The Disconsolate Chimaera
The handlebars on my bicycle came loose again. Politely -- they just shifted a bit, giving me plenty of warning. But by the time I got to Tosi's, though, they were moving pretty freely. It's interesting to ride without putting any weight on the handlebars -- the brakes and gearshift are on the bars, so I have to squeeze and turn them, while keeping the vector sum of all the force I apply to the bars at zero. It's entertaining, though it would be more entertaining if I didn't know that an abrupt emergency would certainly make me lose control of the bike. It's fine to ride no-hands; we did it all the time as kids. But dodging, swerving, evading...? No. I think I should take it into the shop and have them bolt the bars (and the seat) where I want them. I know where that is, now. They don't need to be adjustable any more.
I love this bicycle: it's the tangible sign of my freedom. My equivalent of the midlife-crisis crimson sports car.
Yesterday was the one of the first real resurrections of discontent. It should have been the perfect day: a practice session with Lana, trying to incorporate the rudiments of shiatsu and tui na, and then a lovely massage from Tele. But Lana talked the whole time I was working on her, friendly conversation; I wondered toward the end if I were really still working on her, or if it was just a pretense to open up the space for talking. And Tele seemed faintly uncomfortable, and ready to be gone at the end. I was left feeling a little mournful. Though I would have said, a year ago, that this was all I wanted in the world -- this kind of touch, this intimacy, this trust.
They're too young to be entirely easy friends: there's always a problem of translation. The world you inhabit at thirty is different from the world you inhabit at fifty. And coming of age in the nineties left different marks from the marks left by coming of age in the seventies. Vocabularies shift subtly. The dominant preoccupations, with which or against which we framed our identities, were different.

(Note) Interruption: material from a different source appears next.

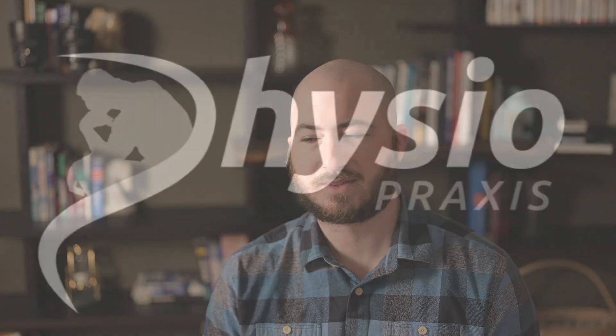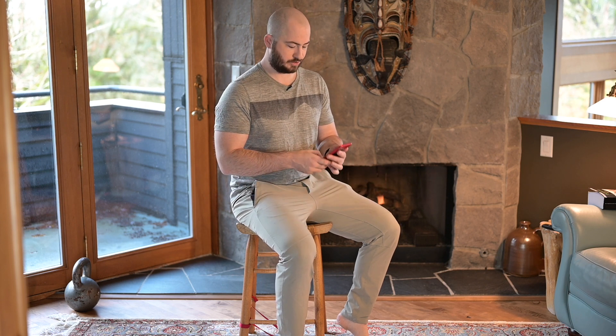This is Scott Morrison with Physiopraxis doing an equipment review. I wanted to go over an applied, practical way to utilize this device for training. Not only can it be used for looking at your ability to test peaks, but you can also use it to prescribe intensities at what you need.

But that's just "the presenting problem," as I believe psychologists call it. The pretext for dissatisfaction. The real problem is that achieving this -- getting what is, supposedly, all I want -- didn't change anything drastically. I still ache, I still want. There's still an empty space that won't be filled. I'm old enough not to have expected that it would be -- consciously -- but unconsciously I did, and I found myself vaguely resentful and petulant. Spiritual longings are not to be satisfied by the pleasures of the world; not even by the pleasures of touch and friendship. But it's so easy to let myself be washed into the current of believing they will be. It runs strong. Lots of people want me to believe it, desperately, because it will help them believe in its possibility too.
Never enough. "Nothing touches the tired spot," as Lincoln said. It's palpable to me sometimes, the desire that you have for me to have achieved a life in which the world makes me content. In which the tired spot is rubbed away by magically good massage. And I know that from time to time I have pandered to that desire, teased it up, suggested or implied that it was so, could be so, was about to be so. I me me mine --
The crying shadow in the funeral dance,
The loud lament of the disconsolate chimaera.